Mesure des niveaux d’AMPc dans les plaquettes humaines
Les plaquettes humaines lavées obtenues à partir du sang périphérique de volontaires sains ont été préparées comme décrit précédemment16. Les plaquettes (6×104 à 8×104 cellules) ont été incubées avec 1,0 U d’adénosine désaminase/mL, 0,5 mmol/L de 4-(3-butoxy-4-méthoxybenzyl)-2-imidazolidinone (Ro 20-1724) comme inhibiteur de la phosphodiestérase, et 6 à 8 concentrations différentes de HE-NECA. Les valeurs EC50 ont été obtenues à partir des courbes concentration-réponse après transformation log-logit des variables dépendantes par une méthode des moindres carrés pondérés.19 La solution aqueuse finale a été testée pour les niveaux d’AMPc par un test de compétition de liaison aux protéines.15
Dossier d’agrégation plaquettaire
Le sang humain citraté a été centrifugé à 200g pendant 10 minutes pour obtenir du plasma riche en plaquettes et à 2500g pendant 20 minutes pour obtenir du plasma pauvre en plaquettes. La numération des plaquettes humaines a été réalisée dans un compteur Coulter modèle S8/80 (Coulter Electronics Inc) et ajustée à 2,5×108/mL à 3,5×108/mL avec du plasma pauvre en plaquettes autologue. L’agrégation plaquettaire a été réalisée selon la technique turbidimétrique de Born20 avec un agrégateur DIC PA-3220 (Kyoto Daiichi Kagatu Co). Après incubation pendant 3 minutes avec 6 à 8 concentrations différentes de HE-NECA, le plasma riche en plaquettes a été agrégé à 37°C sous agitation continue avec de l’ADP. Des expériences similaires ont été réalisées avec de l’ADP à différentes concentrations (100 nmol/L à 100 μmol/L).
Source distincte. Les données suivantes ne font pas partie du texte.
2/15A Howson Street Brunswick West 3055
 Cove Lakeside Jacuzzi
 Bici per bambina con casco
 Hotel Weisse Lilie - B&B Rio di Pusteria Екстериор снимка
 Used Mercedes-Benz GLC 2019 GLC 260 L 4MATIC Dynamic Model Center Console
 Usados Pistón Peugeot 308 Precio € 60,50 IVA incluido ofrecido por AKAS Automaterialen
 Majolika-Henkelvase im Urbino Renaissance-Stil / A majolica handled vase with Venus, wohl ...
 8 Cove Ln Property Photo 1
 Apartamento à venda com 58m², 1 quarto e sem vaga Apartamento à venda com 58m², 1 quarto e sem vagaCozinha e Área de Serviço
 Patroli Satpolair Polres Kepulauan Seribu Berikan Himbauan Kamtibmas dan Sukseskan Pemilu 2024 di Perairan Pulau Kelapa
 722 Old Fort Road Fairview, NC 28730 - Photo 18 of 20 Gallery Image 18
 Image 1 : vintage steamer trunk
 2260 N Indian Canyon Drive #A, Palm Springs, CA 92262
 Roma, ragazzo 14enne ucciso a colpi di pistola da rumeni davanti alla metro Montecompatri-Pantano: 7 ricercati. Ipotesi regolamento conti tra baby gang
L’agrégation maximale, enregistrée 5 minutes après l’ajout d’ADP, a été utilisée pour l’analyse quantitative, et le pourcentage d’inhibition a été calculé par rapport aux valeurs de contrôle.21
Mesures de la concentration de Ca2+ libre cytoplasmique
La concentration de calcium libre cytosolique a été mesurée à l’aide de la technique fura 2 selon Paul et al.22. Brièvement, les plaquettes ont été incubées dans l’obscurité totale pendant 30 minutes à 37°C avec 1 μmol/L de fura 2-AM et agitées magnétiquement dans des cuvettes fluorimétriques (LS50, Perkin Elmer, Ltd) à une concentration de 108/mL en présence de 250 μmol/L de sulfinpyrazone. La concentration intracellulaire de Ca2+ (i) a été déterminée avec un rapport d’excitation de 340/380 et une longueur d’onde d’émission de 505 nm.
Analyse statistique
L’analyse des données a été effectuée par ANOVA à 1 voie. L’analyse de la différence entre les groupes traités à la caféine (12, 60 et 108 heures) et les sujets témoins a été effectuée par le test t de Student (analyse non appariée). Les différences ont été considérées comme significatives à une valeur de P<0,01. Toutes les données sont rapportées en moyenne±SEM.
Résultats
Les plaquettes des 3 groupes de sujets ont été récoltées avant le début de l’administration de caféine (jour 0, contrôle) et à 1, 12, 60 et 108 heures après la dernière dose (retrait de la caféine). Le tableau résume les résultats des expériences de liaison et fonctionnelles des 3 groupes de sujets.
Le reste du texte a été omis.